Friday, 29 August 2008

4000 years and 1600 miles in a day



I left Southampton as a modern Titanic, all happy and full of hope, at 4.30pm on Sunday afternoon. Fair weather, no rain, no problems wearing my sandals (my only defence against the anticipated heat in the place of destination).

3am Stranded in Athens, I find myself unable to sustain warmth in my body. There is only one thing that is efficient in this country, and that is air-conditioning. The specific one in the El Vel (greek attempt to mock El Paso) airport can create arctic condition in central Greece mid August…

6.30am The Nomad has landed in a field disguised as Airport. Heraklion in magestic Crete. And from the fridge I end up in the oven. To make the most of the relatively cool temperature I head to Knossos in search of the Minotaur. I arrived there just on time for a spinach pie and a coffee, to feel like home again.

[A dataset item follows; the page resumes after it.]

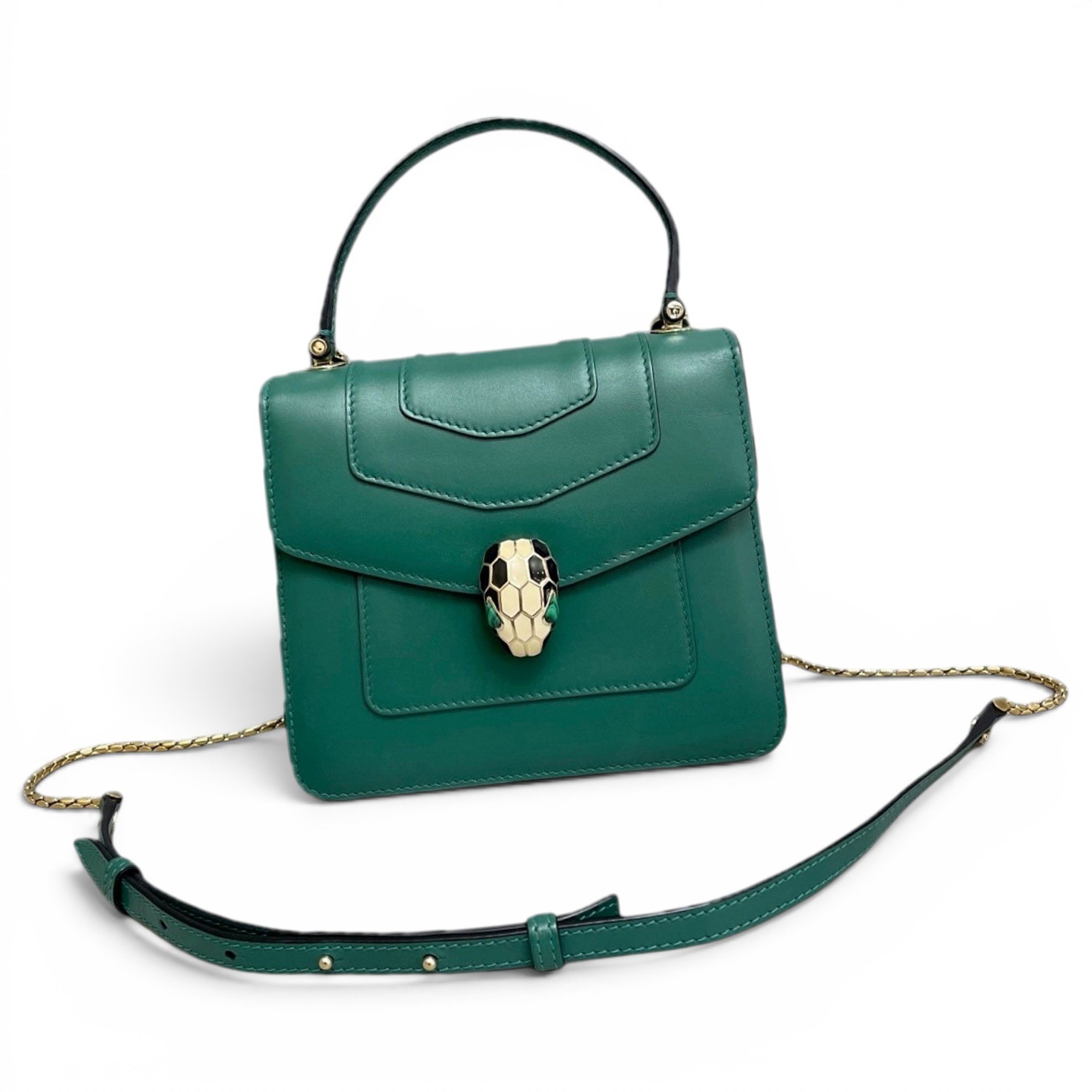 Serpenti leather handbag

Looking for a mythological beast without sleep requires at least a magic potion. Nescafe Frappe with ice (Greekness in all its Magnificence)

Knossos, the ancient Minoan capital was build to confuse. It did not contain Daedals’ labyrinth. It WAS the labyrinth. Thus I decided to hire a guide. Infallible Greek logic informed me that I needed to find another 13 people to share my enthusiasm and the fee for the guide. The lucky 13 never arrived and there was no recorded guide either.

So I ventured in the labyrinth alone searching for the Minotaur without even Ariadne’s clue to anchor me to reality.

The palace’s ruins were partially rebuild according to the imagination of the English archaeologist Arthur Evans who discovered them. Inevitably his imagination is part of the exhibition, mainly because he was wrong.
I sneaked in different groups of people to listen to the appointed tour guides contradict one another showing how archaeology is as bad as interpretation of literature.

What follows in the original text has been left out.